The problem is that my H and I have talked and we know that our marriage is in trouble. We love each other very much we have been through alot but we are not in love with each other anymore. We are very much for each other.

We have decided to try and make it work for our children. Right now we are more like brother and sister and we both agree that we do not want to like without love and affection in our home. Is there hope for us??? Can we make it work?? I ask myself this everyday...

Any advice would be greatly appreciated and I really want our marriage to work out... I truly love my H....


----------



## mistake maker (Aug 7, 2009)

layla, the first thing I believe you need to do is think about you and the babies health.

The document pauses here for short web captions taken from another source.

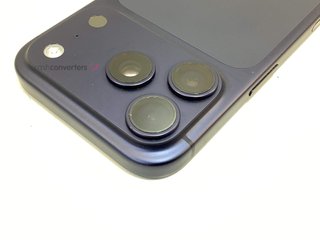 apple iphone 17 pro 256gb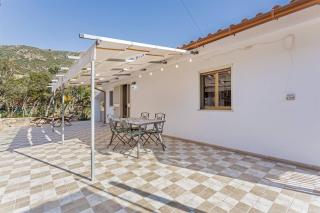 Casa Marea - Marina di Gairo - 2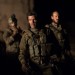 毒裁者 (Sicario)電影圖片6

Worring about your marriage right now is not good for either of you. Once the baby is born, look into getting some help, either from a professional or a minister. Someone that can talk too the both of you without judging.


----------



## jdskr88 (Aug 11, 2009)

Layla:

I agree with Mistake maker, tell your husband you love him (even though it feels like just as a brother right now) and focus on bringing this baby into the world.

It might help you to read my reply to "What the Heck is Love".

Please, please try to get past this idea of loving but not being "in love", You say you're for each other and that you love each other very much. Don't underestimate these assets to your marriage. The grass always looks greener on the other side when your marriage feels like it's lost it's infatuation but seaching elsewhere to replace it is the road to distruction filled with pain and all kinds of problems.

Get to a counselor. Build on the foundation you have. You can get the spark back. God can heal any marriage and your's has a lot going for it.


----------



## michzz (Jun 6, 2008)

I would NOT be making any love decisions if I were you. At 8 months pregnant your hormones are way out of whack and your focus is elsewhere, as it should be.

Revisit that conversation later.

Good luck with the baby!


----------



## layla (Aug 20, 2009)

thank you all for your advice.. I will wait for our darling to arrive before I do anything. Thanks once again....


----------



## okeydokie (Sep 10, 2008)

he should be more understanding of your (and his) situation right now. this is a time when a man should back off and be supportive, after all, he help creat the situation. having children should immediately put the parents needs on the back burner until they get out of the completely dependent baby stage, it's your and his obligation to provide all the attention they need.


----------



## scarletblue (May 20, 2009)

I believe that if you've had that love before for you hubby, that you two can get it back if you both really want to. It takes effort, though. 

I agree with the other posters....focus on your pregnancy right now. After the baby comes, then work on your relationship with your hubby.


----------